DENTRO de aquella misma orientación, César se mantuvo durante todo el tiempo de la carrera buscando siempre, según sus palabras, el añadir una rueda más a su máquina.
Su vida tenía pocos incidentes: los veranos iba a Valencia, y allí, en la finca, leía y hablaba con los aldeanos. Su madre, entregada a la Iglesia, se ocupaba poco de su hijo.
César concluyó la carrera, y al ser mayor de edad le dieron la parte que le correspondía de su padre.
Inmediatamente tomó el tren, se fue a París y buscó a Yarza. Le explicó sus vagos proyectos de acción. Yarza le escuchó atentamente, y le dijo:
—Quizá te parezca una tontería, pero te voy a dar un libro escrito por mí y que quiero que leas. Se llama Enchiridion Sapientiæ. En mi juventud he sido un poco latinista. En esas páginas, que no llegan a cien, he acumulado mis observaciones acerca del mundo financiero y político. Podría llamarse también Contribución al sentido común o el neomaquiavelismo. Si ves que te sirve, quédate con él.
César leyó el libro con atención concentrada.
—¿Qué te ha parecido? —le dijo Yarza.
—Hay muchas cosas con las cuales no estoy conforme; tendré que pensar de nuevo sobre ellas.
—Bueno, pues quédate con mi Enchiridion y vete a Londres. París es un pueblo que se ha parado. No vale la pena de perder el tiempo estando aquí.
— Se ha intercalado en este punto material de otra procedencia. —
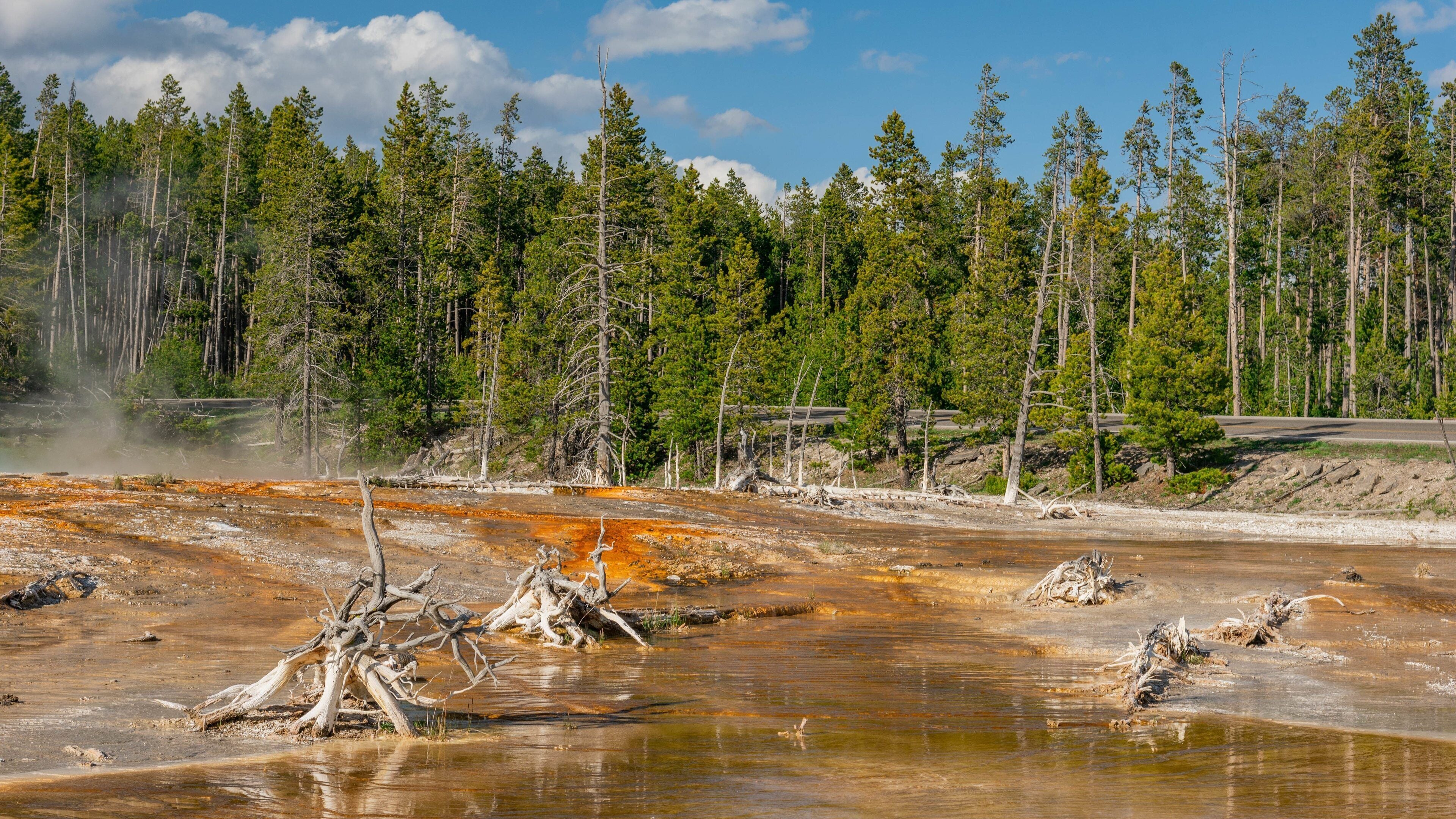 A geothermal area with mineral deposits, a forest in the background, and a road.
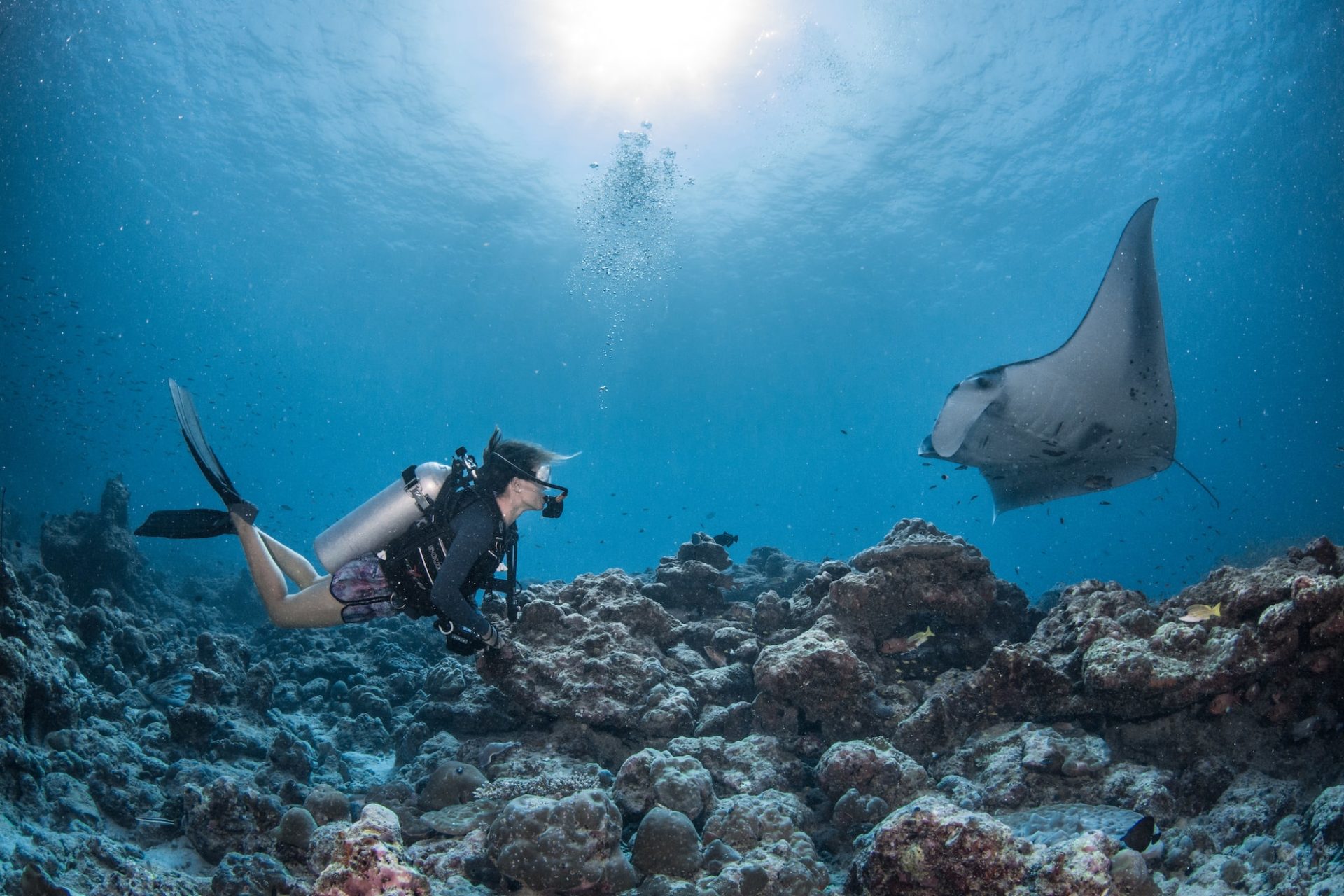 Курорт InterContinental Maldives запускает уникальную образовательно-развлекательную программу Manta Retreat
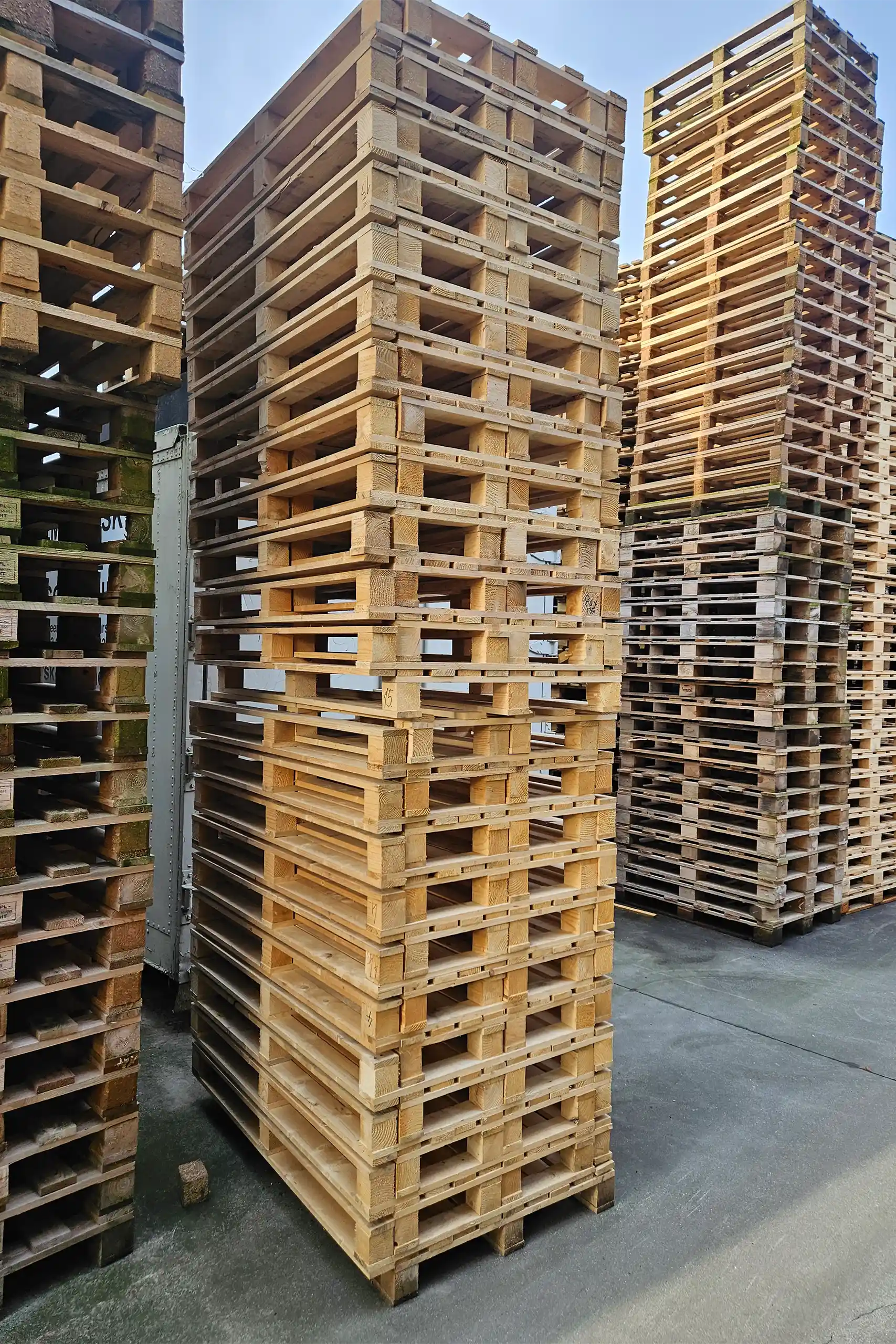 800x1350 Engangspaller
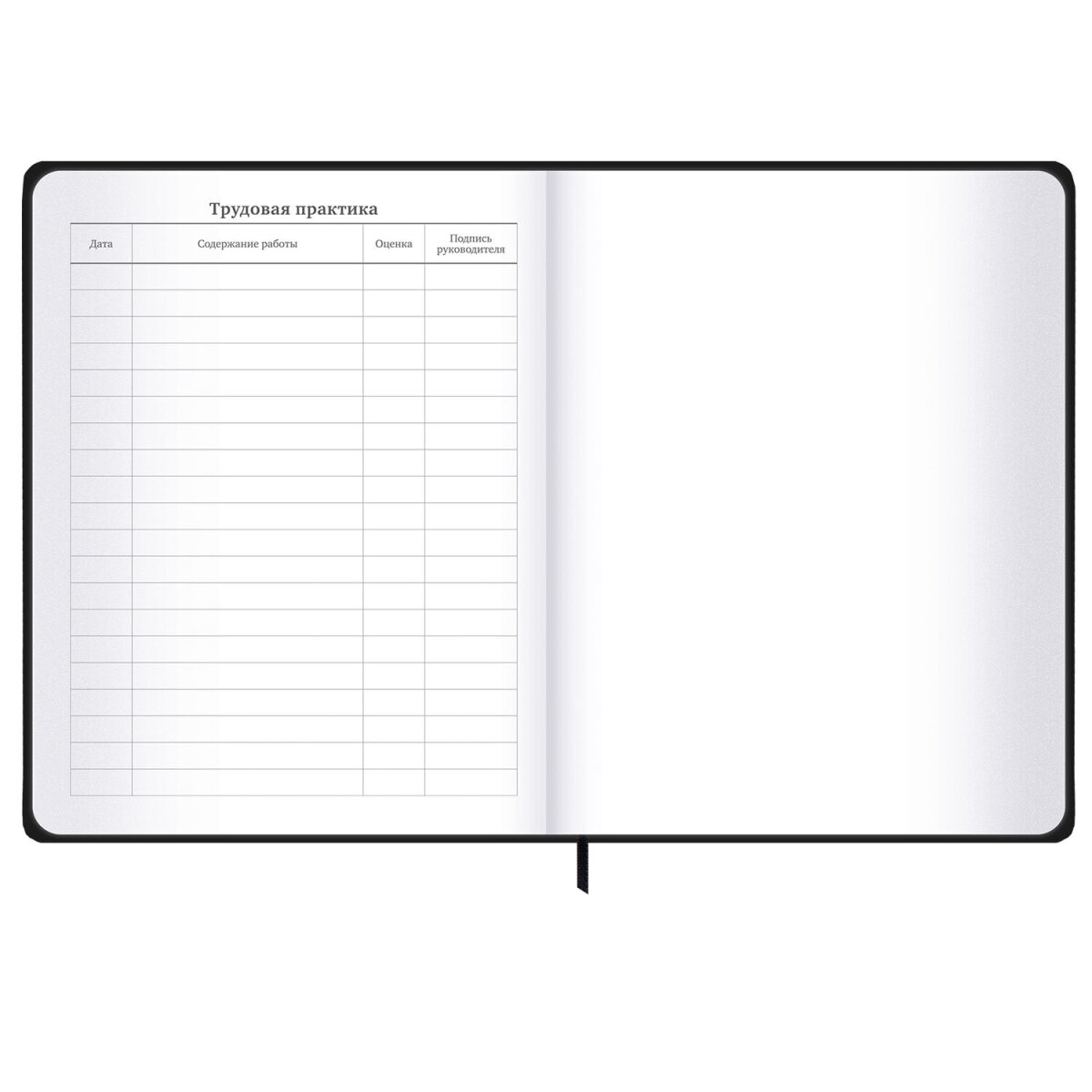 Дневник школьный Brauberg для девочек мальчика 1-11 класс - фото 19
César se fue a Londres, siempre con el pensamiento fijo de emprender algo. De cuando en cuando escribía una carta larga a Ignacio Alzugaray, contándole sus impresiones acerca de la política y las cuestiones financieras.
Estando en Londres se le reunió su hermana y le invitó a ir a Florencia; dos años después le instó para que la acompañase a Roma. César se había negado siempre a visitar la ciudad eterna, hasta que él mismo en aquella ocasión manifestó deseos de ir con su hermana a Roma.